• [Records for this task]
- - - - - - -

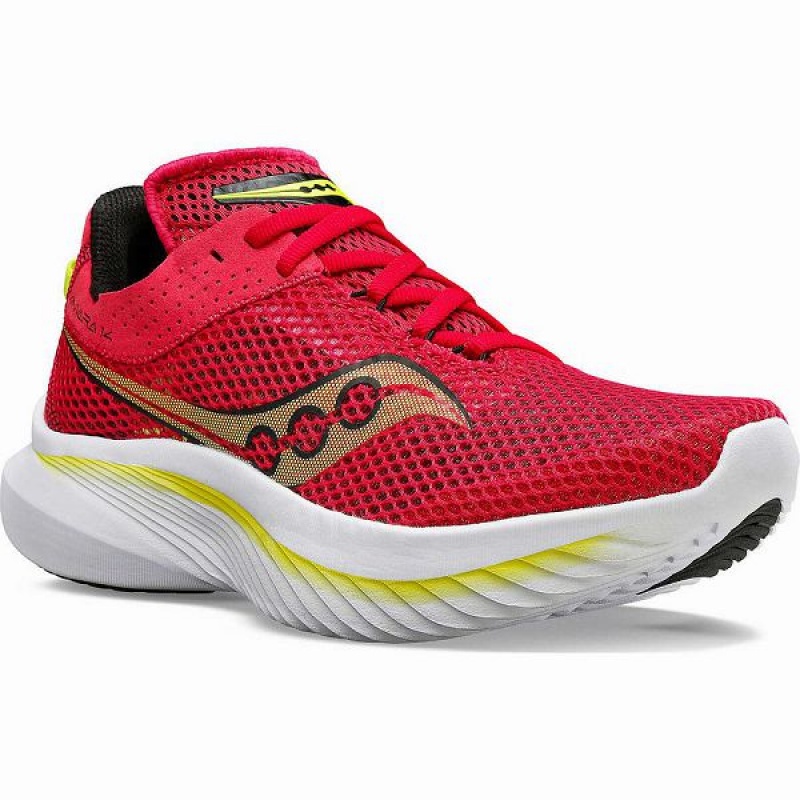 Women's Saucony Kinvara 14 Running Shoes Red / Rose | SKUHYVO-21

- - - - - - -

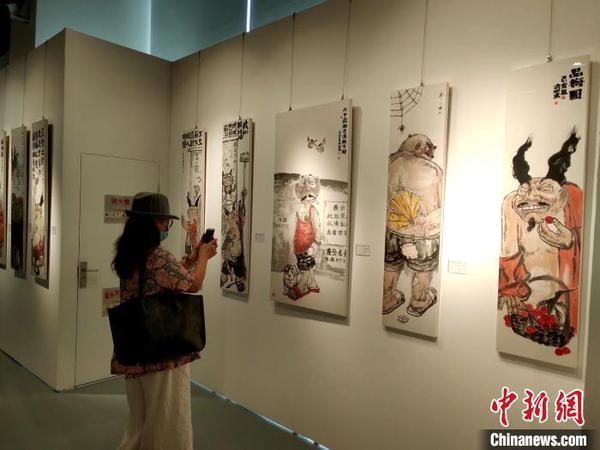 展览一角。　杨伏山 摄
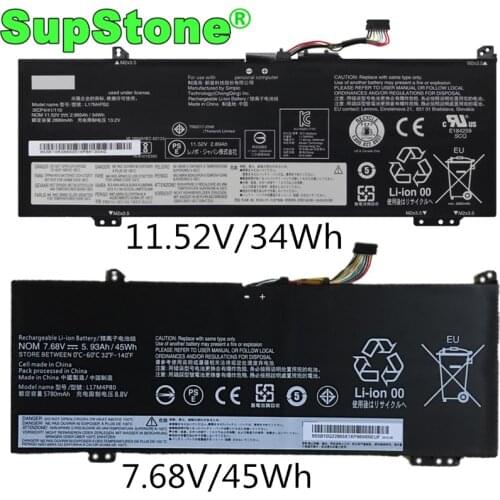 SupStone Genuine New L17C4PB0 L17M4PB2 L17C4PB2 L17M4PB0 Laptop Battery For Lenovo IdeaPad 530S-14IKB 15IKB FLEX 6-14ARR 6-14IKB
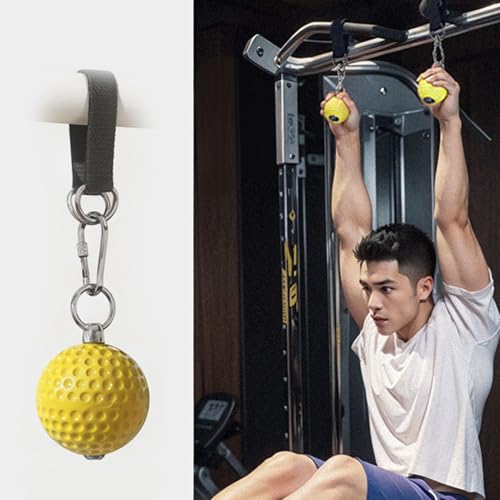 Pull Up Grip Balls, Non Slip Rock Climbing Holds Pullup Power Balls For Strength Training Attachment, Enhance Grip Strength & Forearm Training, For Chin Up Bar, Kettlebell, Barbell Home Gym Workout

- - - - - - -

• [Aim of the task] Leaving out the pictures, please output the lines in the entries above from the one with "展览一角。　杨伏山 摄" through the one with "Pull Up Grip", exactly as they are.

• [Written answer]
 展览一角。　杨伏山 摄
 SupStone Genuine New L17C4PB0 L17M4PB2 L17C4PB2 L17M4PB0 Laptop Battery For Lenovo IdeaPad 530S-14IKB 15IKB FLEX 6-14ARR 6-14IKB
 Pull Up Grip Balls, Non Slip Rock Climbing Holds Pullup Power Balls For Strength Training Attachment, Enhance Grip Strength & Forearm Training, For Chin Up Bar, Kettlebell, Barbell Home Gym Workout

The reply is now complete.